- Data shown
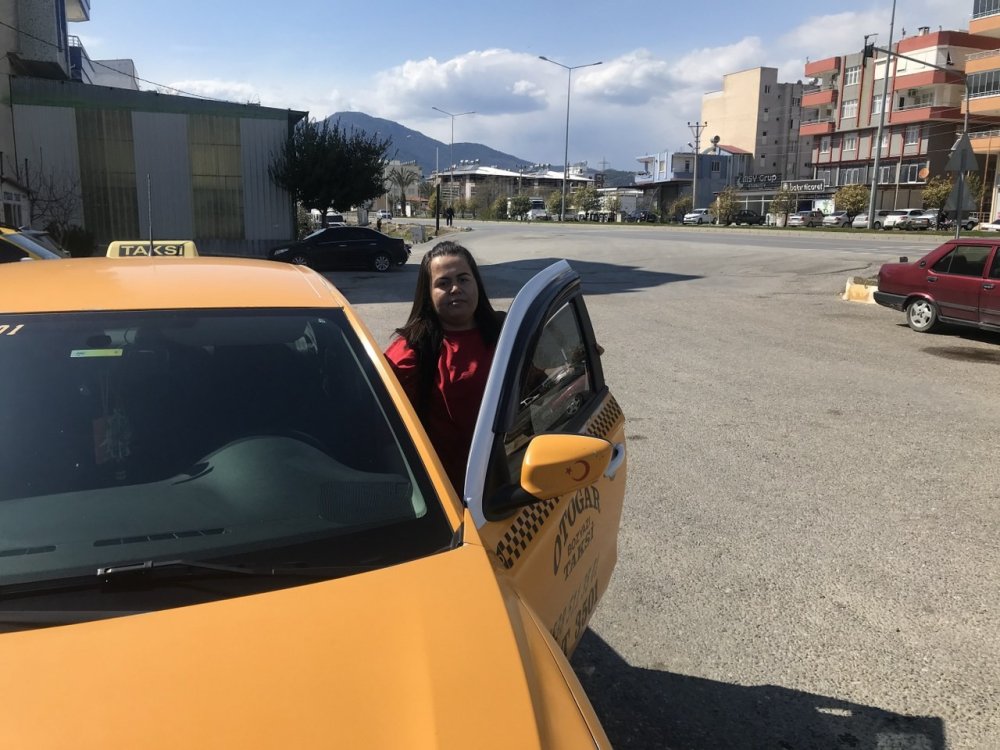 Bozyazı’nın İlk Ve Tek Kadın Taksi Şoförü, Müşterilerin İlgi Odağı Oldu
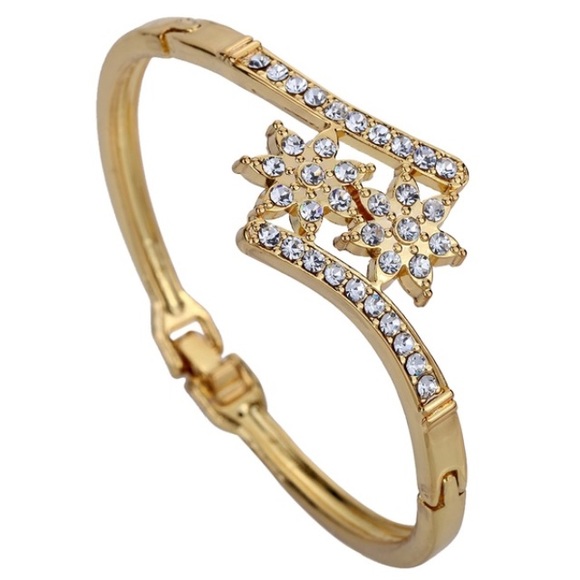 Nice gold double flower bracelet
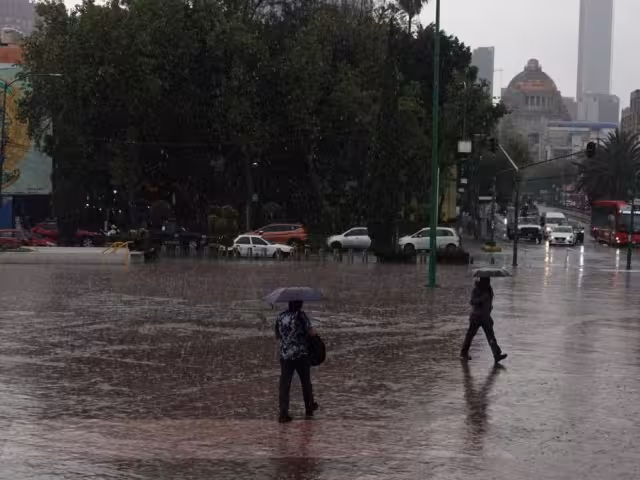 Se pidió no permanecer cerca de muros, árboles, cables eléctricos o espectaculares que pudieran caer con la fuerza del viento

- Exercise details
The complete listing must be transcribed verbatim, and all pictures are to be omitted.

- Answer space
 Bozyazı’nın İlk Ve Tek Kadın Taksi Şoförü, Müşterilerin İlgi Odağı Oldu
 Nice gold double flower bracelet
 Se pidió no permanecer cerca de muros, árboles, cables eléctricos o espectaculares que pudieran caer con la fuerza del viento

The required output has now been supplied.